The Apollo Hall Democracy was a reform movement founded within the Democratic Party of the City and State of New York in the early 1870s as a response to the corruption of Tammany Hall under Boss Tweed. Hirsch (1951) describes the "Apollo Democracy founded in 1870 by a zealous band of reformers meeting at Apollo Hall, Broadway at 28th Street" as the nucleus of the Democratic Reform Committee formed in the wake of the Tammany Hall-dominated state Democratic convention of 1871. 

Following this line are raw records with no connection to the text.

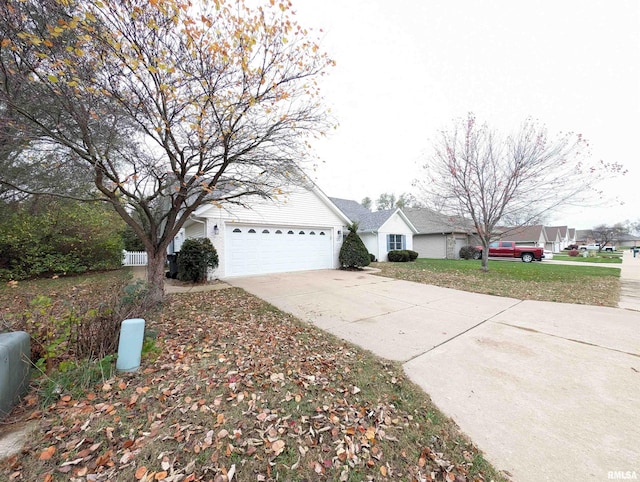 exterior space with driveway and an attached garage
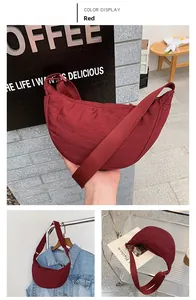 Detail view of a vibrant red nylon crescent bag with adjustable wide fabric shoulder strap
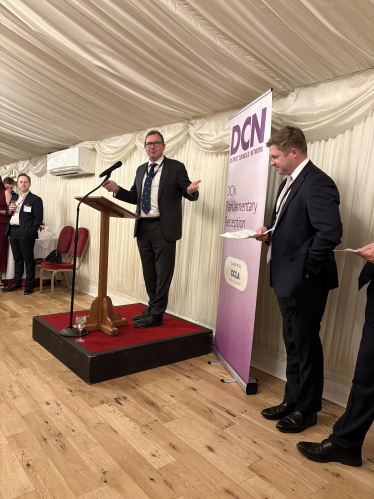 Lord Fuller speaking, watched by retiring DCN chairman Sam Chapman-Allen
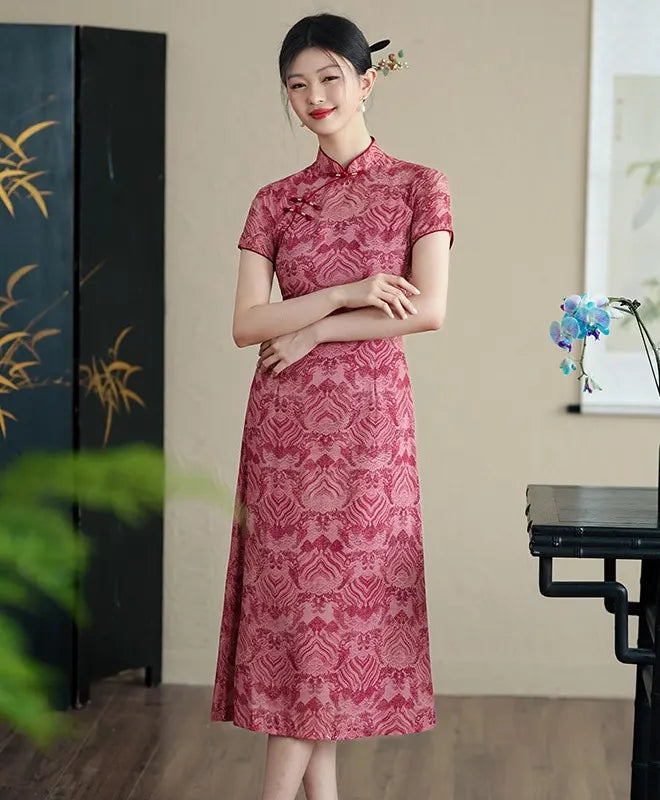 Woman wearing a Red Short Sleeves patterned  A-Line Qipao Dress  standing in a room with a decorative screen and table.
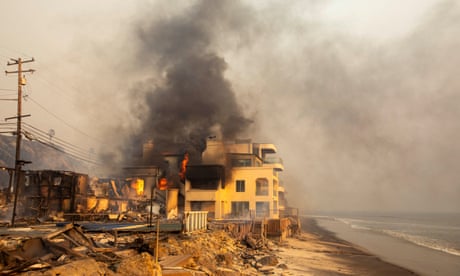 Palisades fire burns during a windstorm on the west side of Los Angeles.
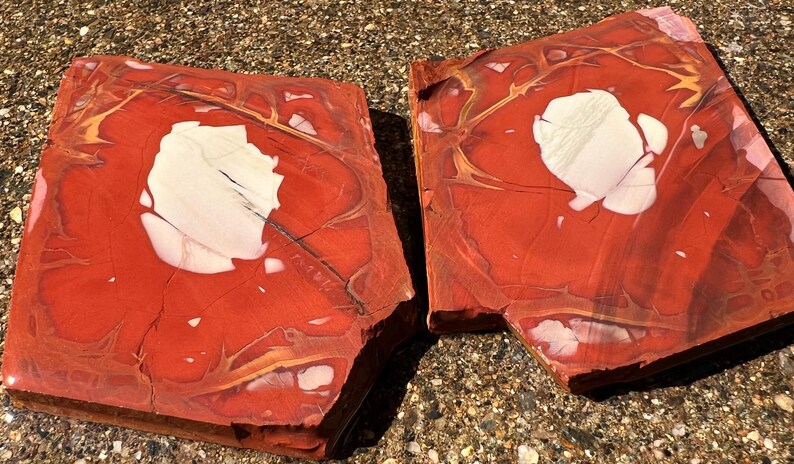 May include: Two rectangular, polished stone slabs. The slabs are primarily red with white and gold veining and a large white central area. The stone has a natural, organic appearance, suitable for decorative purposes.
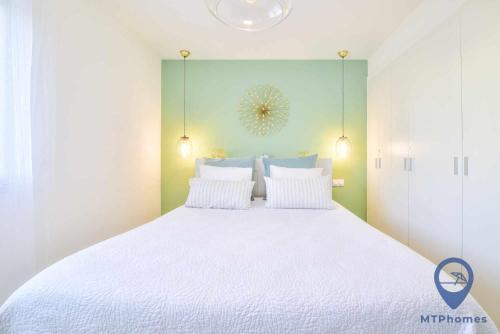 a bedroom with a large bed with white sheets at Apartamento Ohana by MTPhomes in Armação de Pêra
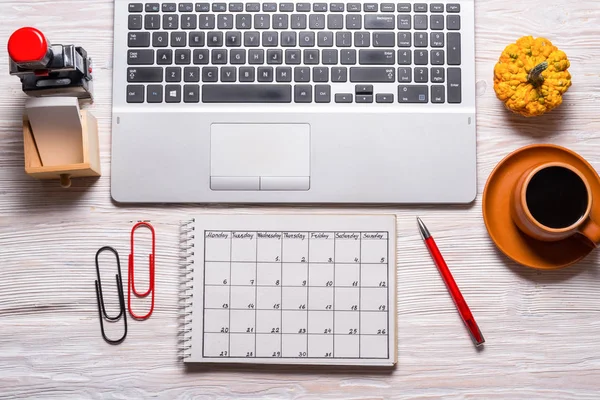 Computador e calendário escrito à mão em mesa de madeira — Fotografia de Stock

Oswald Ottendorfer & Abraham R. Lawrence, both ejected from the convention, were among the founders of the movement. The Committee also absorbed the Young Democracy movement founded by James O'Brien and came to be called the Apollo Hall Democracy. It initially attracted many leading Democrats, including Charles O'Conor & Samuel J. Tilden, but was unable to supplant Tammany Hall, which became reinvigorated under the leadership of John Kelly after the fall of Boss Tweed.  Since the Apollo Hall Democracy nominated its own sets of candidates, the Democratic vote during its floruit was split, allowing the Republicans to win many elections in New York during this brief period.  By the mid-1870s, many frustrated members of the Apollo Hall Democracy such as its former chairman William H. Wickham and William Collins Whitney joined Tammany Hall, and the Apollo movement fell into irrelevance.